The Accelerator Process

IBC’s Accelerator programme is unique in the industry for providing a safe place for a variety of companies, sometimes competitors, to come together and collaborate on solutions that benefit the entire industry.

“It created an atmosphere where broadcasters could suggest tools and a great testing environment,” said Nuytemans. “The graceful help of all involved vendors was great as well.

Collaboration is key for Roberts. “Many of the key tools involved in the project would be available without the programme, but there are many broader benefits that the process has delivered,” he said. “The development of multiple use cases would only be possible as a result of the kind of conversations across producers and vendors that are driven by the programme, making it clear how broad a requirement there is in this space. Early on in the process we also identified the importance of the deeper discussion around APIs as a key enabling technology, and we hope this is an area that the wider industry agrees is worth further collaboration and development. That feels like precisely the kind of conversation that can only come from this type of collaborative process.”

The Showcase at IBC2023

Each Accelerator programme culminates in a showcase at IBC2023 in September. Catch the Gallery Agnostic Live Media Production project, showcasing its Proof of Concept and findings at IBC2023, Saturday 16th of September, from 10:45-11:45 at the Innovation Stage.
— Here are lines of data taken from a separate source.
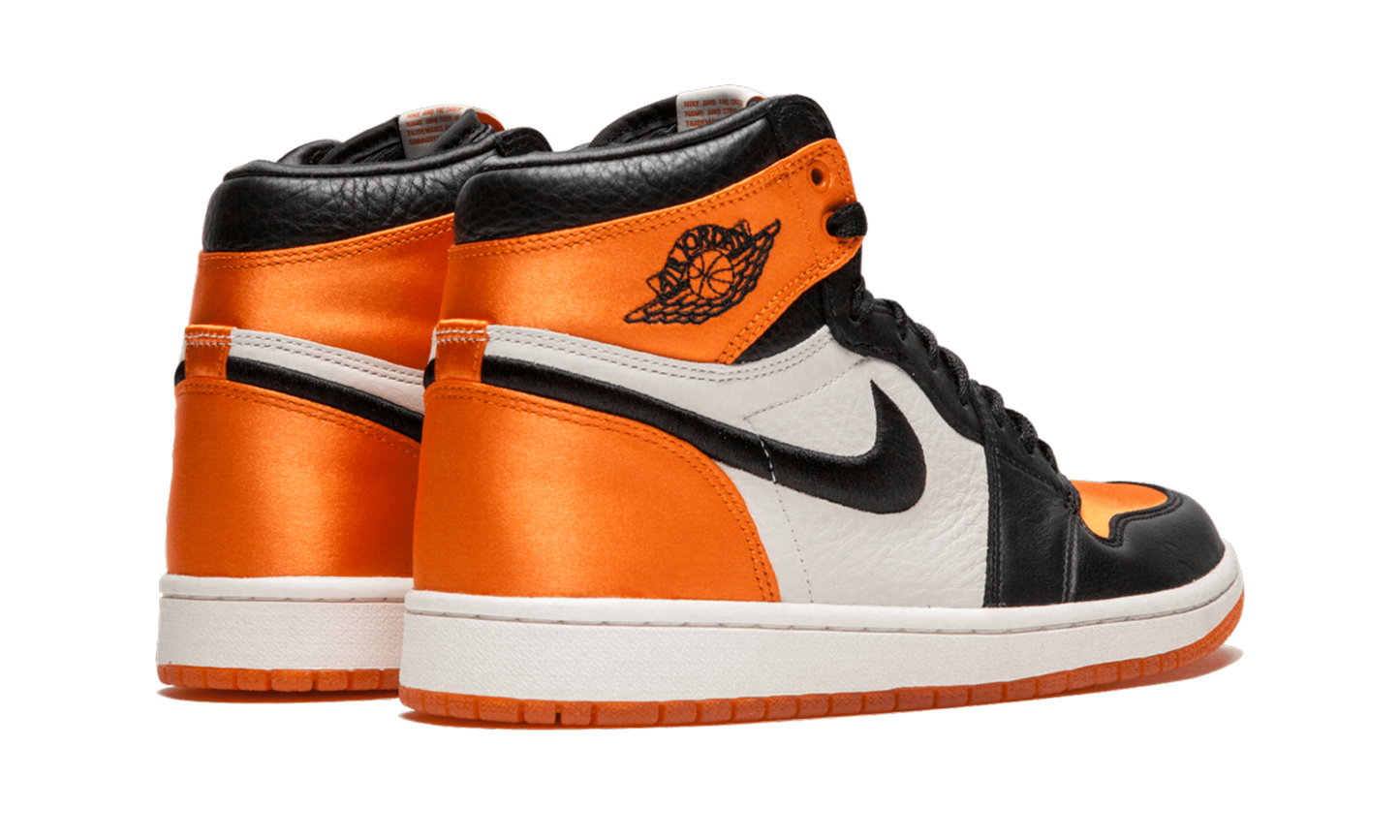 Air Jordan 1 Retro High OG Satin Shattered Backboard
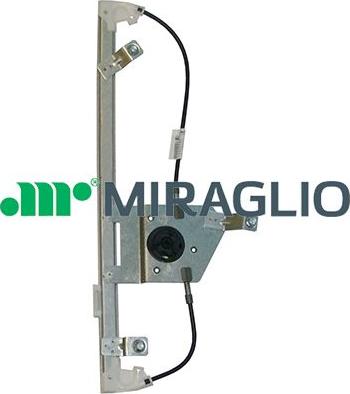 Miraglio 30/1238 - Stikla pacelšanas mehānisms ps1.lv
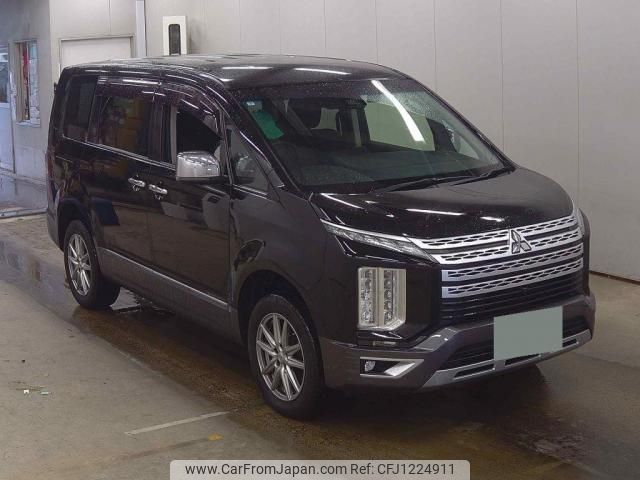 mitsubishi delica-d5 2019 quick_quick_3DA-CV1W_CV1W-2106196 image 1
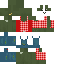 skin for farmer frog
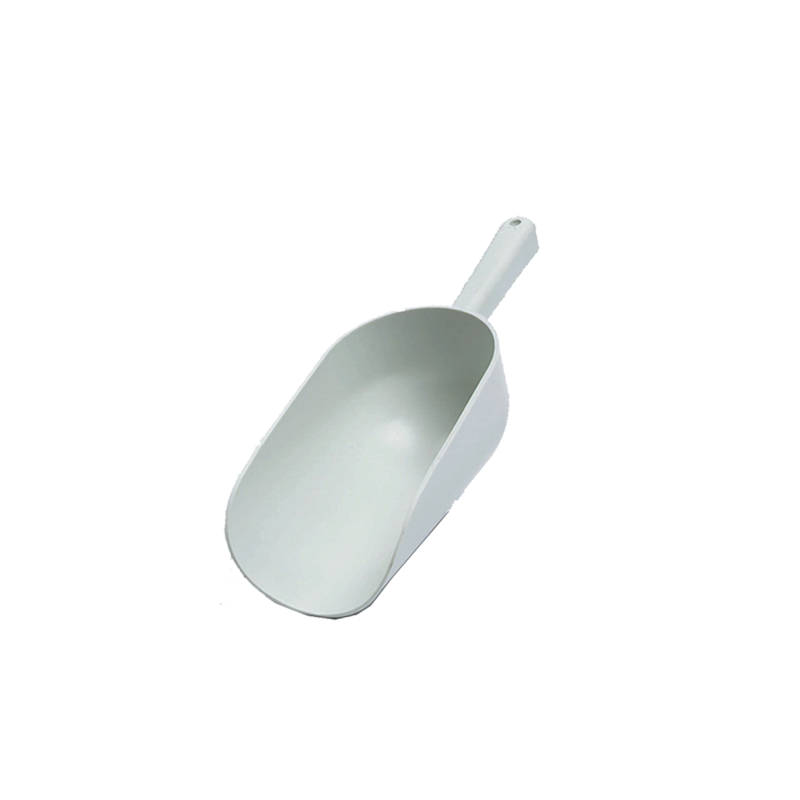 PALA PLASTICO BLANCO - 1 Kg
“We plan to demo multiple use cases as proofs of concept,” said Roberts, “But the key message is that these are only illustrative of an endless set of possible setups that broadcasters and producers might want to deploy. We will be demonstrating 3 different production approaches, broadly summarised as ‘video podcast’, ‘full broadcast control room in the cloud’ and ‘field production with no gallery’ and showing how the same runorder can be easily run through each through the use of a common, flexible workflow tool. We will show how a producer can build a runorder, including video clips and graphics plus optional extras such as camera and lighting cues without having to think about the production tools and technologies involved and how that workflow tool can make sure that those clips and that graphics data get to where they need to be, then how we can use the same tool to make it easier for operational teams to control those different devices and platforms. We will focus on use cases such as disaster recovery and ‘hot switching’ between cloud and on-prem tools and will also explore how the use of a common workflow approach can facilitate entirely new modalities of production such as AR headsets for monitoring and control.”

Benefits

Nuytemans feels that the ideas fostered in the collaborative environment has been a key benefit of the programme. “Working closely with the broadcasters, and ITN in particular, he said, “actually helped us develop lots of integrations and new features that we haven’t thought of - making the POC and product better in the end.”

ITN have begun putting the ideas into action according to Roberts. “We are already deploying the approach proposed by this project in two areas of our business, one a ‘studio in a box’ single operator setup and the other a cloud-based disaster recovery broadcast solution,” he said. “While both use cases are different, the common theme is a workflow layer that not only provides a runorder tool, but also allows us to more easily manage media delivery and orchestration with diverse production systems. We are also able to experiment with different software systems in areas such as live graphics without requiring editorial teams to train on multiple platforms. Perhaps most importantly this approach has been a key enabling facilitator for a disaster recovery solution that was a critical requirement for one of our most important customers.

“In the long term, this approach allows us to put a highly configurable and scalable automation solution in the hands of our production teams and I am excited to see what they do with it,” he continued. “We see the conceptual approach to automation in this solution as more sympathetic to our production thinking than previous options. It prioritises creating rich connections between devices without defining production workflows and will allow our skilled, creative, craft teams to evolve their operational workflows and I am looking forward to seeing what they come up with.”